C ++ template: Name Search

C ++ template: Name Search

During template compilation, the compiler will parse the names encountered in two phases. The first phase of parsing does not depend on the template parameter name, and the second stage of parsing depends on the template parameter name, the following is a simple example:

template
 
   class X {public:typedef int E;};typedef double E;template
  
    class Y : public X
   
     {public:E f() {}};
   
  
 

In this example, two class templates are defined. Y is derived from X. In X, we give int an alias E, then, in the global scope, double is also given an alias E. In Y, there is a function f (), and its return value type is E. Then, is this E double, or int? The result is double. Because f () does not depend on the template parameter T, it will be parsed in the first stage, and its base class X <. t> it will be parsed in the second stage. Therefore, when parsing f (), you can only see typedef double E in the global scope. If you have any questions, let's look at the situation of non-template classes:

Class X {public: typedef int E ;}; typedef double E; class Y: public X {public: E f () {}}; int main () {Y y Y; cout <
 
  
In this example, it is a common class. Through the test of the main function, we can see that the return type of f () has changed to int. Next, let's look at an example:
  

  

  
Void g () {cout <"gobal: g ()" <
   
    
Class X {public: typedef int E; void g () {cout <"X: g ()" <
    
     
Class Y: public X
     
      
{Public: E f () {g (); this-> g () ;}}; int main () {Y
      
       
Y; cout <
       
        
In this example, we first define a global function g (), then define the class template X, and define a member function g () in X. The class template Y still inherits from X, in f () of Y, "g () is called in two ways". Are the two methods called in the same g? The answer is: No.

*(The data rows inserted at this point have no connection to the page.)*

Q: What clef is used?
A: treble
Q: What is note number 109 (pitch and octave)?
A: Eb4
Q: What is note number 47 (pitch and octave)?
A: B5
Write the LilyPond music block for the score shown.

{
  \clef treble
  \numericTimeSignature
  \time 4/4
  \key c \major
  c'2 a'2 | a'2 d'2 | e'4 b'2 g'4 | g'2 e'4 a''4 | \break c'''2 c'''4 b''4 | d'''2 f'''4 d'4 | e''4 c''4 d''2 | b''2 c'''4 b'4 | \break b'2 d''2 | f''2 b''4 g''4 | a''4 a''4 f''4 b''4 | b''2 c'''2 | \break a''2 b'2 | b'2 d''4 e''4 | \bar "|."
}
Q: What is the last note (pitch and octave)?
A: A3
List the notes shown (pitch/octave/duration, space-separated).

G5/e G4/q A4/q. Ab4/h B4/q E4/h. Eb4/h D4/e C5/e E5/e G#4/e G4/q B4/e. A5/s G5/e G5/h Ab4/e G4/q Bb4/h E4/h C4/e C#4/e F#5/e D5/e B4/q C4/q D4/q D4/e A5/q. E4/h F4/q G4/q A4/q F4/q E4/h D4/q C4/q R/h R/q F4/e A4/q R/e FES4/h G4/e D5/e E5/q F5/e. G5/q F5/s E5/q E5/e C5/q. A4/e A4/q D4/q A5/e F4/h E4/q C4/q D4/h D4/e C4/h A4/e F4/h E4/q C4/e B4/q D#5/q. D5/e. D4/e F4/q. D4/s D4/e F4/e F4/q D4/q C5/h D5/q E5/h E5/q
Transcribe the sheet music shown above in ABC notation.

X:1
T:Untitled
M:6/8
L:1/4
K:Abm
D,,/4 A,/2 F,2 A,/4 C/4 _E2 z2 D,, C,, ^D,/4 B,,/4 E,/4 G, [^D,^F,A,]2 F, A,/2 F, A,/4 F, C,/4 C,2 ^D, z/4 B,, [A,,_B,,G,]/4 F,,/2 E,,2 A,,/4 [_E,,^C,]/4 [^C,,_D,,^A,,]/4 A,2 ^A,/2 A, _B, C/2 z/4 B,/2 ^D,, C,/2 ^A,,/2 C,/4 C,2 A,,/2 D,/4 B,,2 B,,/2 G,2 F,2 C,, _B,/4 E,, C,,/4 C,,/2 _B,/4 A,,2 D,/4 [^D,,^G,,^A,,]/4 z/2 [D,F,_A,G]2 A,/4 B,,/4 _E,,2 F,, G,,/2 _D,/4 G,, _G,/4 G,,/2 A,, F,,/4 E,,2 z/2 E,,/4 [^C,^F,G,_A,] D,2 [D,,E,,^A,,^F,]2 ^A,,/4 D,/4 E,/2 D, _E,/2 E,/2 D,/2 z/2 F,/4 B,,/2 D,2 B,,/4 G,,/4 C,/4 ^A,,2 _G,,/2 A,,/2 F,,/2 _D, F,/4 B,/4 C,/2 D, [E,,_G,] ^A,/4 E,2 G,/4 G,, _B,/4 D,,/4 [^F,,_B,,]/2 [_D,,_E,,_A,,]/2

The first method calls the global g (), while the second method calls the g () of the base class (), the reason is that when the compiler encounters the first method g (), it finds that it does not show that it depends on template parameters, so it is considered that it does not depend on template parameters, therefore, the first phase is parsed.
        
          Not resolved yet, so g () is the global g (). When calling the second method, use the this pointer to indicate that g () depends on the current object, it depends on the template parameters, so it will be parsed in the second stage. At that time, the base class will be parsed before Y, so this --> g () calls the g () of the base class (). Similarly, we can look at the situation of common classes:
         

         

         
Void g () {cout <"gobal: g ()" <
          
           
Class X {public: typedef int E; void g () {cout <"X: g ()" <
           
            
Class Y: public X
            
             
{Public: E f () {g (); this-> g () ;}}; int main () {Y
             
              
Y; cout <
              
               
The result shows that the g () of the base class X is called twice. this example tells us that in the class template, if you need to use a member function, you must use the this pointer to specify it, instead, the this pointer cannot be omitted as it is in a common class. In fact, if you do not use this pointer to specify it without the global function g (), the following error will occur during compilation:
               
Error: there are no arguments to 'G' that depend on a template parameter, so a declaration of 'g' must be available.